Del fracaso de Podemos al fin del ciclo progresista
El resultado de las elecciones no deja lugar a dudas: el panorama institucional está virando hacia la derecha y las primeras encuestas pronostican ya la próxima victoria del PP en las generales de julio. Es cierto que el PSOE aguanta –solo ha perdido cuatrocientos mil votos-, pero para repetir en el gobierno no solo tendría que mejorar resultados, depende también de lo que suceda con los partidos a su izquierda. Sumar, la nueva confluencia de actores, todavía es una completa incógnita enfrentada con la aceleración súbita de los tiempos electorales. Podemos además se ha desplomado. Ha perdido la inmensa mayoría de su poder territorial, pasando de 47 diputados autonómicos a 14 y se enfrenta a su casi desaparición de los parlamentos de Madrid, Castilla-La Mancha, Canarias, Valencia y Cantabria. En los medios de izquierdas se echa la culpa a la “falta de unidad” como si algo así importase más allá de Twitter. Pero la desunión no explica la alta abstención localizada sobre todo en distritos de renta baja de las ciudades donde se supone que residen segmentos sociales importantes para esta formación. Parte de este electorado sí se activó durante el surgimiento de estos nuevos partidos en el 2014 al calor de la energía política desplegada por el 15 M y las nuevas organizaciones de base que se crearon. Hoy, cerrada esa oportunidad, la desafección política sigue en aumento y como consecuencia, el clima resulta más favorable a las derechas, incluyendo a las postfascistas.
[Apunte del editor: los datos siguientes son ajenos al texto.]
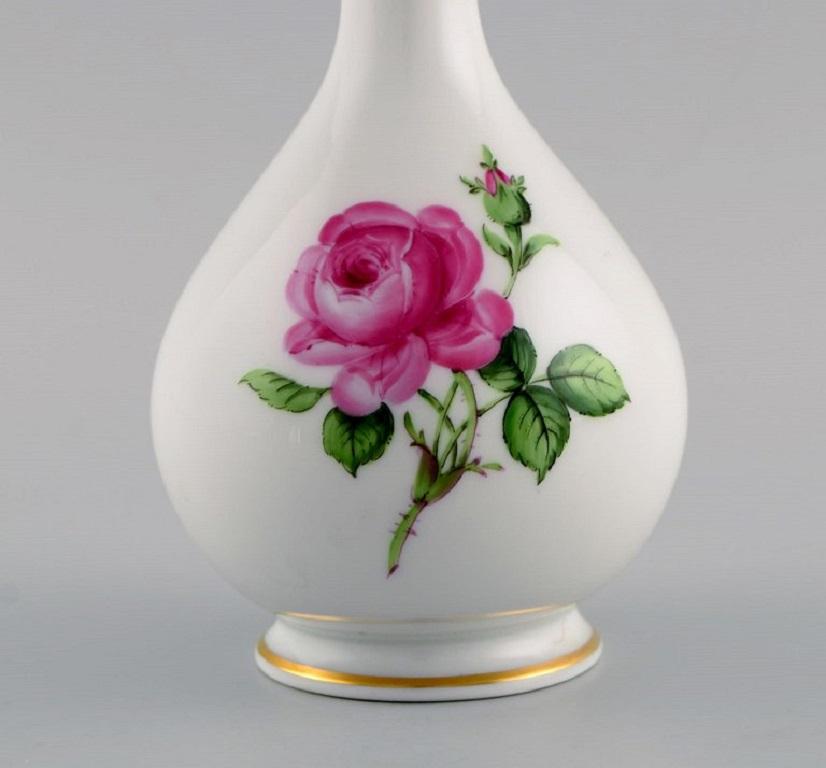 Meissen pink rose vase in hand-painted porcelain with gold edges. 
Early 20th century.
Measures: 18 x 9.5 cm.
In excellent condition.
Stamped.
1st Factory quality.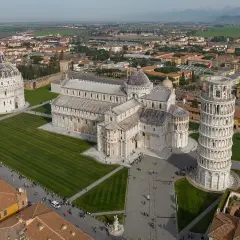La piazza dei miracoli a Pisa, con la Torre Pendente, il Duomo e il Battistero, vista dall'alto.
¿Qué ha sucedido? A finales del 2019, Podemos estaba en crisis, aunque había llegado a tener cinco millones de votos, en cada nueva elección iba perdiendo apoyos de manera evidente. La guerra interna había dejado un partido compuesto por un puñado de cargos y sus asesores, sin estructura de base y sin articulación posible con la sociedad organizada: un cascarón vacío entregado a los argumentarios y la batalla por el relato. Vieron su salvación en la entrada en el gobierno –mediante la coalición Unidas Podemos–, justificada con el discurso de demostrar “su utilidad”. El partido de la protesta se convertía en partido de poder. Pero a la luz de los resultados obtenidos en las recientes elecciones, no parece haber convencido a su electorado de que sus renuncias programáticas y su empeño por conseguir ministerios estaban justificados.
Detrás quedan estos años de batalla sin cuartel con su socio de gobierno, su empeño en la guerra cultural y en discursos tácticos que oscilan según el clima mediático. Todo acompañado, además, de un escenario complejo de crisis superpuestas, con subidas de la energía disparadas, una inflación que castiga a los de menos ingresos y con otra de vivienda ya perenne. El programa reformista tampoco parece haber resultado suficientemente creíble y algunas de las leyes que se venden como conquistas, como la reforma laboral o de las pensiones aportaron tímidos avances y, en lo fundamental, se limitaron a solidificar algunos de los retrocesos que impusieron los últimos gobiernos del PP.
Hoy, las luchas sociales que dieron sentido a Podemos y los nuevos partidos, y que inauguraron la oportunidad política de “asaltar los cielos” tampoco se encuentran en un momento álgido de movilización, aunque constituyen la única posibilidad efectiva de frenar la derechización social que asoma en los contextos de crisis. El frente popular es efectivo si es por abajo y más allá de los partidos.
Nos encontramos pues en un escenario que parece alumbrar el fin del ciclo progresista. El PSOE depende de los buenos resultados de Sumar para poder reeditar gobierno. Pero el reto más importante del enésimo intento de refundación de las izquierdas no es la unidad, sino movilizar la abstención, ensanchar el nicho de las izquierdas. De no hacerlo, podría quedar todo en una competencia con el PSOE por disputarse el mismo electorado, con dos proyectos que empiezan a parecerse demasiado. No lo tiene fácil. No será suficiente con una lideresa trendy, o con una nueva ronda de marketing y disputa por el relato a semejanza del último Podemos. Para los partidos no conectados con los poderes económicos que dicen representar a los de abajo, las respuestas tienen más que ver con cómo volver a articular una política popular más ajustada a la composición de barrios y pueblos conformados por poblaciones precarias, mestizas y desafectas a la política. Es decir, con la capacidad de construir organización y un proyecto estable que solo será posible a medio-largo plazo. Hoy por hoy, y aunque se consiga volver a gobernar, es la única posibilidad de superar la crisis de las izquierdas, pero no sabemos si esto forma parte de la propuesta.